Wednesday, December 23, 2009

David Warren: saving the planet, one cathedral at a time.

Amen to that. This, in my opinion, is the best part, but do read the whole thing.


The creation of new "carbon credit" schemes to reduce "greenhouse gas emissions" was not going to alleviate any of these problems. It was only going to line the pockets of some of the world's most corrupt bureaucrats and businessmen. Their pockets were already well-lined, and if they can't profit from Copenhagen deals, they will find other ways to be paid for useless services, and continue living like Al Gore. We needn't pray for them too earnestly.

But we do need to think about ways to reduce our actual "environmental footprints," strange as this must sound coming from me. We do have major pollution problems, coming out of China and through all the "third world" as massive populations are raised out of abject poverty, wherever old-fashioned capitalism is permitted.
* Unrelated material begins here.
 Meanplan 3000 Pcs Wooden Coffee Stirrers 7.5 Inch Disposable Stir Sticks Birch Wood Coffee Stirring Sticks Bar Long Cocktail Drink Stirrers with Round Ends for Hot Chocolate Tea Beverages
For the most part, even the most primitive of "third world" dictators saw through the Copenhaggling immediately, and joined in only as a way to board the latest gravy train of western guilt money. This is by now a venerable suckering operation, that began the morning after each backward country became nominally independent. It has kept their politicians rich and their peoples poor.
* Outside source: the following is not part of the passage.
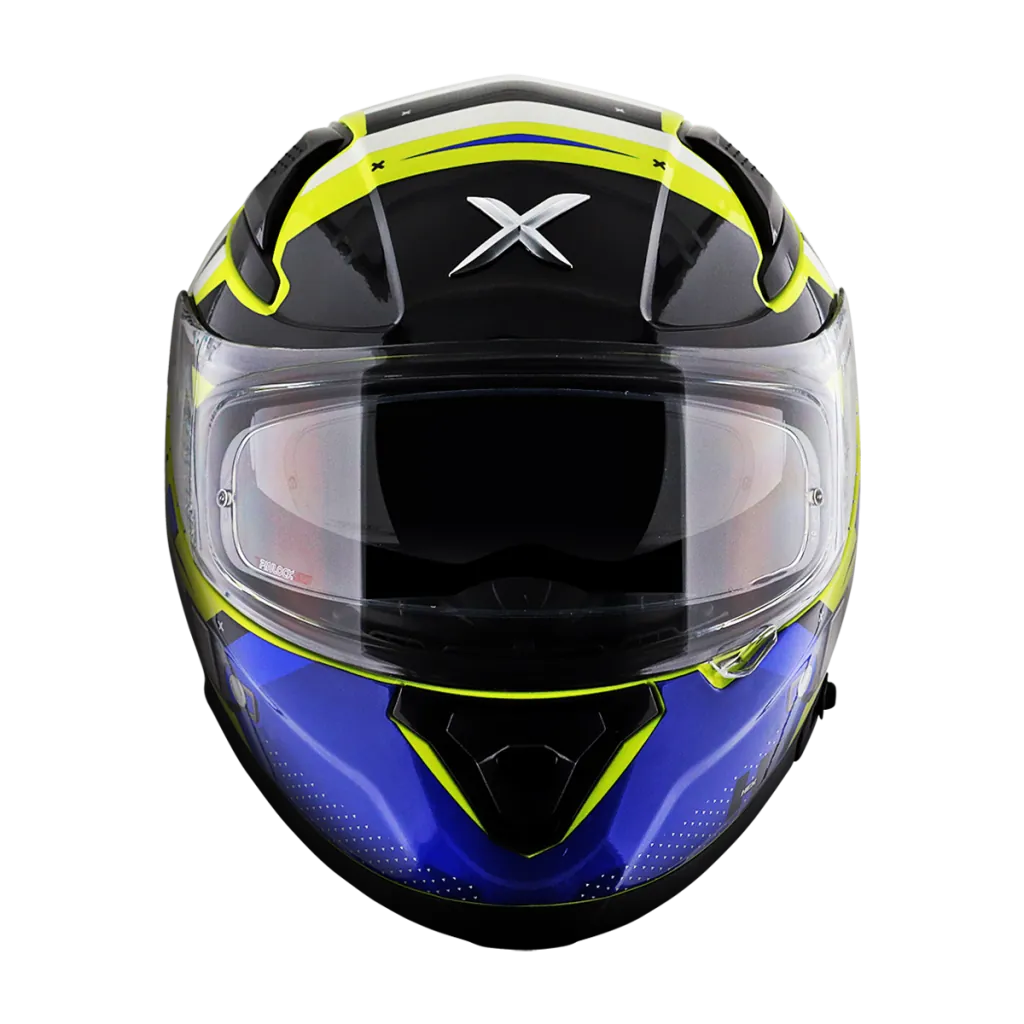 AXOR Apex Hex-2 kaciga sjaj neon žuta plava - detalj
We can't do anything about that, unless we are prepared to invade and occupy these countries. And given our reluctance to continue even in Afghanistan and Iraq against terrorists, I see no prospect of restoring the old imperialist order.

But we can, in more than principle, move ahead of our imitators again, by setting a better example of how to live, one man and one woman at a time. We could -- I know this sounds a little idealistic, but bear with me -- try to export the best of our old Christian civilization, instead of the worst of our post-Christian one. For my reader may recall that civilization had nothing to do with conspicuous consumption, and put more of its money in cathedrals than into personal and corporate display.



To say this would be "good for the environment" is an understatement: there is so much joyful life we could recover, by simply discarding what is not genuinely useful, and getting on with the root human task of salvation, through the advancement of the good, the beautiful, and the true.